We had a missing cat on our hands and so the yard work was delayed. Ex was outside; unloading equipment; while we "girls" cat searched. No grass could be cut in case she had escaped outside for fear she'd scoot away and be forever lost. The grandest daughters would be heart broken, so the search was on for la cat.
I was sent out of the house, after about 30 minutes, to tell Ex that the cat had been found. He was free and clear to go about his yardly duties.
Instead, Ex turned suddenly and stopped me as I turn to go back into the house. He just wanted to know if I was, "all right." He was, "worried about me." Apparently Ex could still," after all these years remember what my face looked like when I was worried or under stress." According to Him, I, "needed to take care of myself and not worry about Him and the Girls." "They would be fine." He just wanted me to take it easy and let Him help me how ever He could, etc.
Then there was the flattery. He approves of how I've held up apparently. I'll not bore you with it. I cut Ex short, so it matters not anyway.
There was also the sharing with me the news of His progress on the dating scene. While I'm glad He's out and about; I'm not sure what I have to offer Him on that score. I'm married; I don't date.
That was pretty much the gist of things. Oh, there were two phone conversations, during my stay. Just attempting to check up and make sure all was well with this old war horse. And I like to think He meant well, but I wasn't comfortable making small talk. So I babbled. I'm good at babbling.

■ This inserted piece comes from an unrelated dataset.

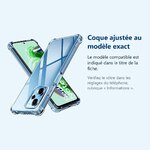 Accessoire ajusté au modèle exact – Coque Silicone Transparente Angles Renforces Pour Xiaomi Redmi Note 12 5G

Part of me is amazed that two people who once shared a married life for 18 years, intimate life longer, knew every inch of and mirrored the other person, are now such total and complete strangers.
I haven't the foggiest of what He does or doesn't like anymore or vice verse. Where once two people could sit down after a meal and chat or pick a television show to watch; now... nothing. We finished each others sentences; read each others thoughts; and laughed at the same times. We had planned our lives so carefully from teenage to retirement. Then....BOOM!

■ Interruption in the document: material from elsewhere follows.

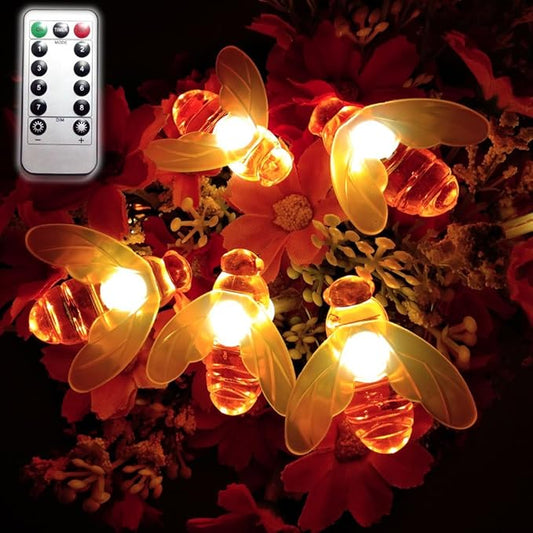 Remote String Lights, 7.5Ft 20 Led Fairy String Lights Battery Operated String Lights for Garden, Patio, Lawn Decoration with Remote Control(Warm White)-VerdiqueGarden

We have so little in common now; we might have never as well have met.
And that was in my thoughts while he was speaking to me, I'm afraid. I heard His words. But, they came from a greater distance than from where He stood. I was searching His face. I'm afraid I was looking with more than a little curiosity for a glimpse, even a small one, of the man I once knew; once loved.
But, all I saw was a stranger with gray hair and thick glasses. The voice was familiar. The intonation was different. Maybe because the feelings directed at me had changed? Or maybe the feelings I felt in the direction they came from had change? I do not know.

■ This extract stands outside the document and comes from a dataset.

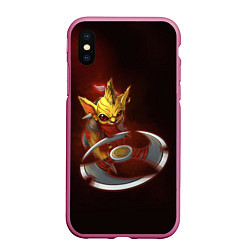 Чехол iPhone XS Max матовый Kid Bounty Hunter, цвет: 3D-малиновый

But the change was there. It was as concrete as the driveway upon whence we stood.
And if it's come to that place; that's where I feel it should stay. The oddness; uneasiness comes from the sudden need for Ex to hug when we meet and such. I'm not into that. I need my distance. I'm not a stranger hugger. I always tighten up and pull back.
Maybe that's the reason for this writing. Maybe I've twirled and whirled it all around to this. The arms that held me for all those years and through all those things; are now unknown entities. They belong to a stranger now.
And I think maybe a little voice is reminding me that we're supposed to be wary of strangers.